Hybrid logics are powerful extensions of modal logics, which, roughly speaking, allow for referring to the semantics of the logic by means of syntactic tools. Augmenting standard modal logics with expressions of an additional sort - nominals, and the so-called satisfaction operators caused a spectacular boost to their expressive power. The satisfaction relation, accessibility statements and equality assertions, hitherto only expressible in meta-language, became available within the object language of the logic. A natural question arose: how do these highly expressive logics behave in terms of decidability? How much must we sacrifice to the altar of this increased expressive power? However, whereas the sole origins of hybrid logics can be traced back to the 1960s and the works of Arthur Prior, some additional “computational” properties of these logics have become a subject of systematic research relatively recently. There has been a lot done since then, though.
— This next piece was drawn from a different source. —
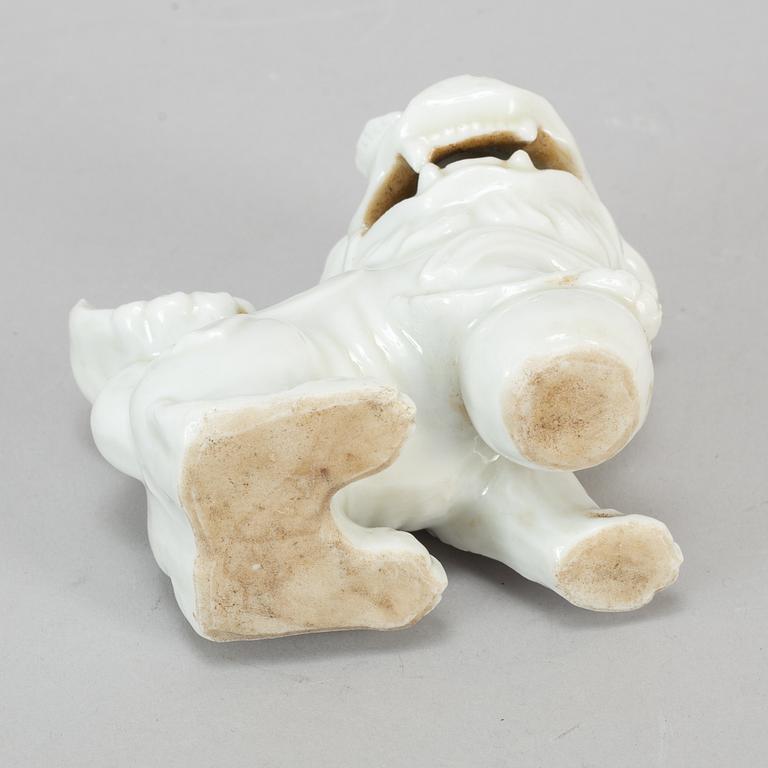 A Chinese blanc de chine figurine of a buddhist lion, 20th century.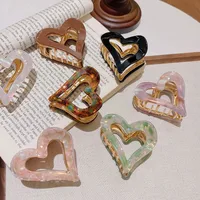 Women's Simple Style Heart Shape Alloy Resin Hollow Out Hair Claws main image 1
From the mid-1990s to the present times, a systematic theory of the computational complexity of hybrid logics has been developed by many researchers: Patrick Blackburn, Jerry Seligman, Carlos Areces, Maarten Marx, Thomas Schneider - just to mention a few. Up to now almost all the facts from this area of investigation have been revealed. Theorems placing particular hybrid logics in concrete complexity classes have been established for most of them, defined over most of the well-known frame classes. It seems that not much is left to be done.

This book stands at the intersection of two topics: the decidability and computational complexity of hybrid logics, and the deductive systems designed for them. As pointed out above, there are not many blanks to be filled left in the first field. Nonetheless, if we relax our definition of hybrid logics a bit, which captures them as modal logics involving an additional sort of expressions, a wide area for investigation opens.